We very recently considered this argument in Yates v. Dr. J. H. Ladd School, R.I., 387 A.2d 1043 (1978), in which another employee, after the 2-year limitation had run, sought dependency benefits under a preliminary agreement which did not list her three minor children. As we did in Yates, we will assume here without deciding that there is merit in the employee's contention that the right to dependency allowances belongs to her children and is tolled until their majority or until a guardian is appointed. This assumption, however, is of no avail to the employee here because we do not have before us a petition filed by her children or by a guardian acting on their behalf.[2] This petition was filed by the employee herself in her own name. Thus, "no claim of the children is before us, and however persuasive the employee's argument might be in a case which came to us in a different posture, it is inapposite in this case." Id. at 387 A.2d at 1044; cf. DeCosta v. Devine, 90 R.I. 240, 244-45, 157 A.2d 247, *377 248-49 (1960) (failure to file a petition for dependency benefits within 2 years of the time when the right to claim such benefits accrued barred a father's recovery thereafter).

The employee answers that in view of her limited knowledge of English and her having given notice of her dependents by filing a certificate of dependency status, the employer has failed to deal with her cooperatively and fairly as prescribed in Shea v. Gamco, Inc., 81 R.I. 12, 98 A.2d 864 (1953), and should therefore be estopped from asserting the statute of limitations.

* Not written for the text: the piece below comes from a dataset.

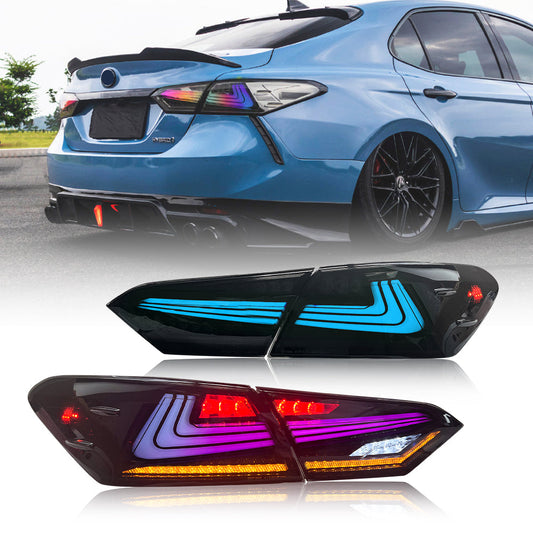 RGB LED Tail Lights for Toyota Camry 2018-2024 LE/SE/XLE/XSE/TRD, Rear Lamp Assembly - Kuerled 1000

As we pointed out in Shea, however, the Workers' Compensation Act itself imposes no original duty on the employer to aid an employee in asserting her rights under the Act, id. at 18, 98 A.2d at 867, and the record here contains only scant indications that the circumstances in this case were such as to require the employer to speak lest its silence would reasonably mislead the employee to rely thereon to her detriment. Id.; Martines v. Terminal Methods, Inc., 101 R.I. 599, 601, 225 A.2d 790, 792 (1967). Furthermore, the commission, by holding that the employee's claim was barred by the statute of limitations, impliedly rejected this estoppel argument, and no fraud having been shown, this negative finding is conclusive, Martines v. Terminal Methods, Inc., supra, and will not be disturbed on appeal.

The employee next argues that even if the benefits sought here are considered rights accruing to herself, they can still be awarded on an appeal from the agreement even beyond the 2-year limitation for original actions. She bases this contention on § 28-35-5, which provides in part that no appeal shall lie from a preliminary agreement approved by the director of labor "unless upon allegation that such agreement has been procured by fraud, coercion or mutual mistake of fact * * *."

In treating the employee's contentions under this section we make three broad assumptions, without deciding any of them, regarding conditions precedent to the bringing of such appeals. We do so in order to treat the primary issue here which was also raised in Yates v. Dr. J. H. Ladd School, supra, and which may well arise again in the future.

First, we will assume that, as the employee argues, the ordinary 2-year limitation does not apply to challenges under this section and that this appeal is timely. (The statute, in fact, has no explicit limitation for such appeals). Second, we assume that in spite of Trudeau v. United States Rubber Co., 92 R.I. 328, 168 A.2d 460 (1961), the employee can appeal her first two agreements even though the third agreement might ordinarily be thought to foreclose review of the earlier ones under the principles of res judicata. Third, we will assume that a party can have an agreement modified under § 28-35-5 and not just have it set aside.[3]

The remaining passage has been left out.